To illustrate this, I was running a channel through the Keys, early on a glassy morning. In the far distance, I could see about 4 bonefish tails on the flat that bordered the channel, glistening in the morning sun. I knew they would be in the channel long before I could get to them, if I shut down and poled the rest of the way to them. So I shined these fish on and just kept running toward them. Well, keeping my main motor at constant rpms., I got almost to within 20 ft. of the fish before they took off. I was amazed at how close I got. To boot, there isn't a fish more spooky than a bonefish in 8 inches of clear water!

So maintaining a constant rpm. and noise/pitch level is very important when pursuing fish under power. Sure the sound will get louder as you approach nearer, but it is a gradual increase and the fish don't seem to mind it.

I fish alone a lot, so I am going to try my motor in South Bay.....if the water is deep enough. On some days it won't be. But we'll see. Up north around the spoil islands, I do not foresee a problem, as it is more open.


----------



## Permit Rat (May 13, 2014)

Almost forgot.....for cooler hinges that get in the way, put a piece of duct tape over them. Might be a little bit of a pain the first time you open the cooler, but as the day wears on, the stickum will loose some of it's strength....but not enough to come off.
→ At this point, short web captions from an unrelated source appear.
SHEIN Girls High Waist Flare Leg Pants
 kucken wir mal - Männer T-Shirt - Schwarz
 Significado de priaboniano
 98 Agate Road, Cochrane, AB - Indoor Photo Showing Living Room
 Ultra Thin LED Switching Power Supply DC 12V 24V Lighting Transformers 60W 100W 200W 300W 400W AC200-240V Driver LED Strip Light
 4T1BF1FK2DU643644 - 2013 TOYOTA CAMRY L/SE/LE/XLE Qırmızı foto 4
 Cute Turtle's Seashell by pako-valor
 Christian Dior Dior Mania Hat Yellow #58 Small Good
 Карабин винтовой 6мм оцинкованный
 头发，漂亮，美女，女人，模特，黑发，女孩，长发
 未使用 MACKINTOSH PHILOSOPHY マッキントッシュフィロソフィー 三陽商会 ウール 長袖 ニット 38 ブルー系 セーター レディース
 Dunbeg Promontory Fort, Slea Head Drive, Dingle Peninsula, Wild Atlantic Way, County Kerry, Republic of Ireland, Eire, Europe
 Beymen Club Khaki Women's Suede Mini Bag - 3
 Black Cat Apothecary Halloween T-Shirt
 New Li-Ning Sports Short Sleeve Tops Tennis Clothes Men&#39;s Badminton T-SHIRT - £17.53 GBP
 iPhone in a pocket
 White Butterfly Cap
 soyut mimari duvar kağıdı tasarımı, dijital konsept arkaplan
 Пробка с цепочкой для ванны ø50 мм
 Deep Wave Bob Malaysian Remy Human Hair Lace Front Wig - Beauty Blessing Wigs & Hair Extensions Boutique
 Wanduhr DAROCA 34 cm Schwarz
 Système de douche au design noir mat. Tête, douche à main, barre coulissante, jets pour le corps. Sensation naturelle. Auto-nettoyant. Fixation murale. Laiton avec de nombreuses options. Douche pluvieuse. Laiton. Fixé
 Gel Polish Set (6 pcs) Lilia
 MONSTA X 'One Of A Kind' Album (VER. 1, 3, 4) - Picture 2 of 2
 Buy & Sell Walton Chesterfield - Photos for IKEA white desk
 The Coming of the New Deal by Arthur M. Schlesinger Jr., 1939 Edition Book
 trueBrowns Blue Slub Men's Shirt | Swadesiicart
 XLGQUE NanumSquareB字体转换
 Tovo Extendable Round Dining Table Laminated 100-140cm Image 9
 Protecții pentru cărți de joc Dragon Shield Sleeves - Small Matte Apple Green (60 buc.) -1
The wet towel over the trolling motor is the age old solution for fly fishermen wanting to avoid hang-ups, especially when the motor is on the deck and not in use. The problem with this is that the towel quickly dries out and flies away, if you're not careful. 

If you can find some netting material (I think 3/8 or 1/2 inch mesh is best) cut a piece 2ft. X 5 ft. and attach some lead or other material around the perimeter. (When I first thought of this, I sewed on 1/2 oz. egg sinkers.) Maybe some larger rubbercore sinkers would work as well.....surely easier and faster to attach!

Anyway, I think this works better. Nothing to dry out and fly away, and the small mesh allows the wind to pass through, while at the same time spanning all the irregularities on a trolling motor that snag fly lines.


----------



## Gottagofishin (Dec 17, 2005)

On my Yellowfin skiff, I stand on the center console seat and cast from there with my TM down. Works just fine.


----------



## c-los (Aug 17, 2014)

finally got my boat back i work alot out of town and finally picked her up.. going to south padre planning on heading to south bay. However if any one has a general area what place to go this time of year or any tips would help alot..


----------



## Ish (Oct 30, 2008)

sweet, but that's not a skiff, that's a bay boat!!


----------



## eastmaty (Jan 9, 2013)

gota start somewhere Ish, my 2nd boat was a 16' Carolina skiff simi V, where I then slowly fell in love with fly fishing and got a push pole, used to pole it around backwards to avoid hull slap and someone would stand on the leaning post to cast. then I put a polling and casting platform on that narrow unstable beast. Gota love an HPXT though !


----------



## Ish (Oct 30, 2008)

that thing looks like it'd work great for fishing the beach and passes.

i'm thinkin' a get something bigger for offshore, seein's how tpwd and cca and their **** stocker program have decimated the bay system on the middle coast.


----------



## Golden (Aug 1, 2006)

Bay Boat? I thought that was a YETI Cooler holder, well probably priced the same! sheesh...when is Yeti gunna put 6 x 9's in their coolers? And I thought they used to be innovative.


----------



## Tarpon1 (Jul 25, 2016)

Ish said:


> now, earn your keep around here, make with the goods, and post up some pictures like fishsurfer did.
> 
> or gtfo!


...now you sound like a Drakian.


----------



## Ish (Oct 30, 2008)

yaw since late 2006.


----------